The MISC column contains morphological segmentation, Construction Grammar, entity, coreference, information status, Wikification and discourse annotations from the full GUM corpus, encoded using the annotations MSeg
, Cxn
, Entity
, SplitAnte
, Bridge
and Discourse
.
Morphological segmentation in GUM is annotated in the MISC field MSeg
attribute semi-automatically using the Unimorph lexical resource (Kirov et al. 2018), specifically using scripts based on the lexicon data here. Analyses are concatenative, using hyphens as separators, and are guaranteed to sum up to the string of each token with only hyphens added. Existing hyphens in a word form are retained and assumed to be meaningful. Analyses cover inflection, derivation and compounding. For example:
Note that stems are retained in their orthographic forms (explanation does not become explain+ation), and 'etymological affixation' in loanwords is not necessarily analyzed (e.g. "ex" is not split off since the corresponding affixation process is no longer interpretable in English). For more information and updates to the segmentation guidelines see the GUM wiki.

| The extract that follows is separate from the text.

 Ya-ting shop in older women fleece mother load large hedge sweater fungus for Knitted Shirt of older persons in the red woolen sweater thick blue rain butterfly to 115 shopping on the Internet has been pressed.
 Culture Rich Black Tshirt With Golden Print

GUM uses the MISC field Cxn
annotation to distinguish some complex constructions in a Construction Grammar (CxG) framework developed by collaborators from Dagstuhl Seminar 23191 for the integration of CxG analyses into UD trees. Construction labels are always attached to the highest token belonging to the necessary or defining elements of the construction, and carry hierarchical designations, such as a prefix Cxn=Conditional
for all conditional constructions, but a more specific Cxn=UnspecifiedEpistemic-Reduced
for reduced conditionals (the type seen in "if possible"). Currently covered constructions are listed in the GUM wiki.
The Entity
annotation uses the CoNLL 2012 shared task bracketing format, which identifies potentially coreferring entities using round opening and closing brackets as well as a unique ID per entity, repeated across mentions. In the following example, actor Jared Padalecki appears in a single token mention, labeled (1-person-giv:act-cf2*-1-coref-Jared_Padalecki)

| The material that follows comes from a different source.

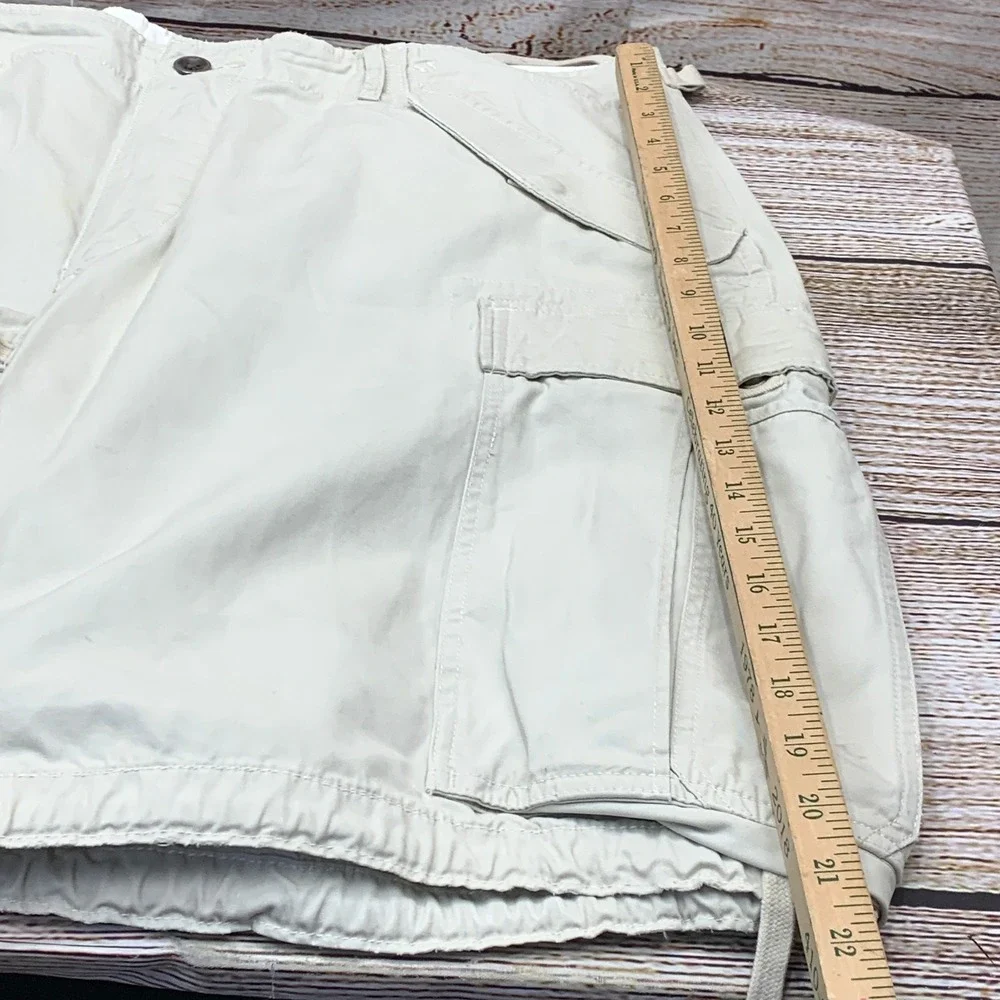 Polo Ralph Lauren Cargo Shorts Mens Waist 40 Beige Cotton Drawstring Hem Utility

indicating the entity type (person
) combined with the unique ID of all mentions of Padalecki in the text (1-person
). Because Padalecki is a named entity with a corresponding Wikipedia page, the Wikification identifier corresponding to his Wikipedia page is given after the last hyphen (1-person-Jared_Padalecki
). We can also see an information status annotation (giv:act
, indicating an aforementioned or 'given' entity, actively mentioned last no farther than the previous sentences; see Dipper et al. 2007), a Centering Theory annotation (cf2*
, indicating he is the second most central salient entity in the sentence moving forward, and that he was mentioned in the previous sentence, indicated by the *
), as well as minimum token ID information indicating the head tokens for fuzzy matching (in this case 1
, the first and only token in this span) and the coreference type coref
, indicating lexical subsequent mention. The labels for each part of the hyphen-separated annotation are given at the top of each document in a comment # global.Entity = GRP-etype-infstat-centering-minspan-link-identity
, indicating that these annotations consist of the entity group id (i.e the coreference group), entity type, information status, centering theory annotation, minimal span of tokens for head matching, the coreference link type, and named entity identity (if available).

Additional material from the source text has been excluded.